■ **Given entries**
*** Block opens ***

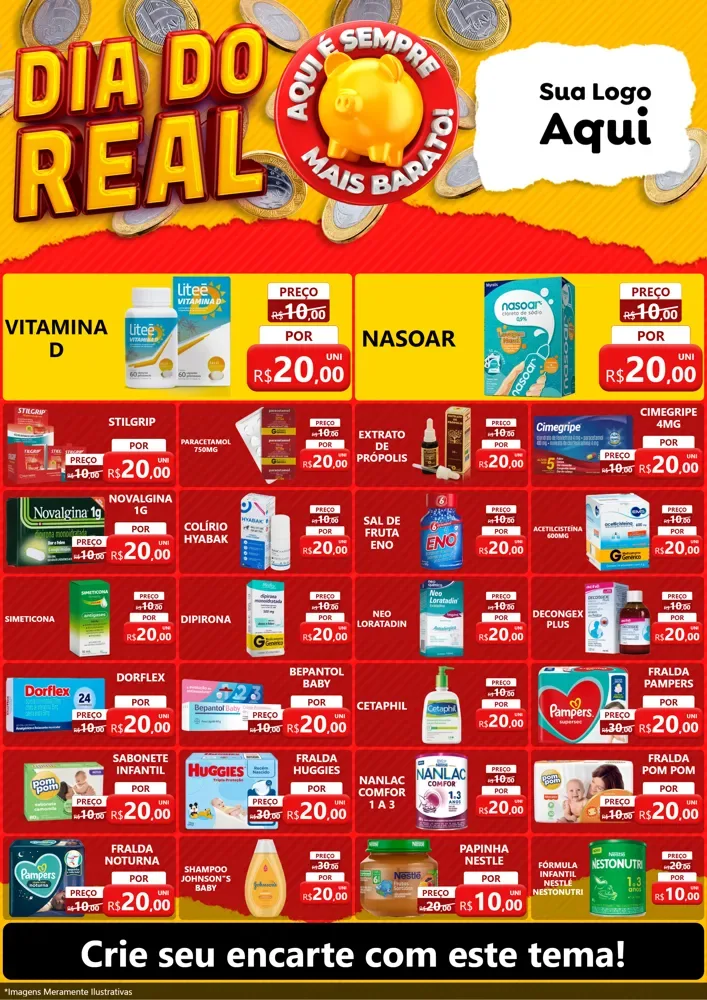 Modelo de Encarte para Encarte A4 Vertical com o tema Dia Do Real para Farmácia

*** Block closes ***
*** Block opens ***

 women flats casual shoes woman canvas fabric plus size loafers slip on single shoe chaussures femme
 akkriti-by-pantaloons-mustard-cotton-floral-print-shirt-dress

*** Block closes ***
*** Block opens ***

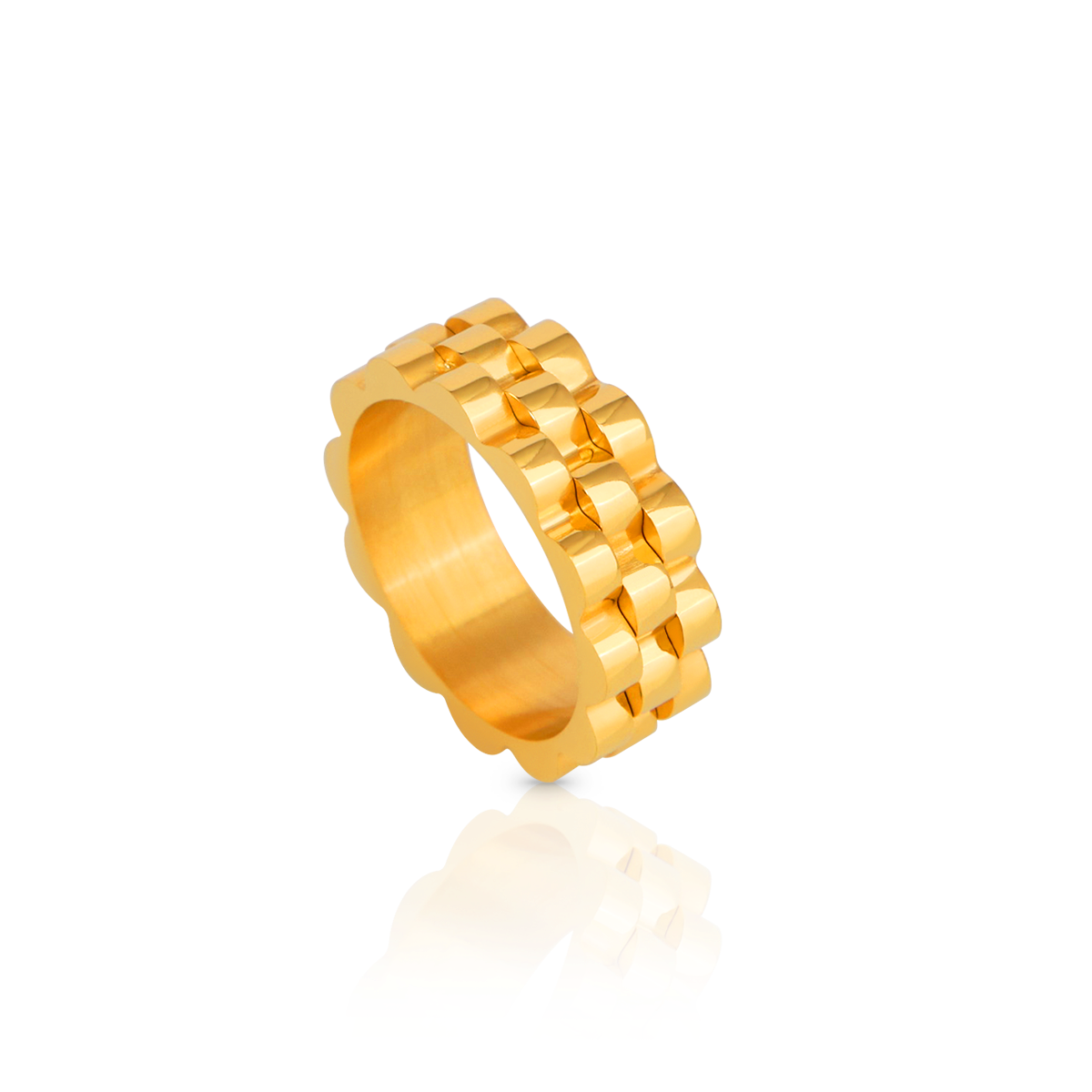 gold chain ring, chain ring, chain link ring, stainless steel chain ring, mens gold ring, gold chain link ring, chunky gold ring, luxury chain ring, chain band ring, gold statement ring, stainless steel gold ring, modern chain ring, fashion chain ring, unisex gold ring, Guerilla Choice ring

*** Block closes ***

■ **Directions for this task**
Give back, unchanged, the run of lines in the listing above that begins at the line containing "women flats casual" and ends at the line containing "akkriti-by-pantaloons-mustard-cotton-floral-print-shirt-dress", both included.

■ **Answer to the exercise**
 women flats casual shoes woman canvas fabric plus size loafers slip on single shoe chaussures femme
 akkriti-by-pantaloons-mustard-cotton-floral-print-shirt-dress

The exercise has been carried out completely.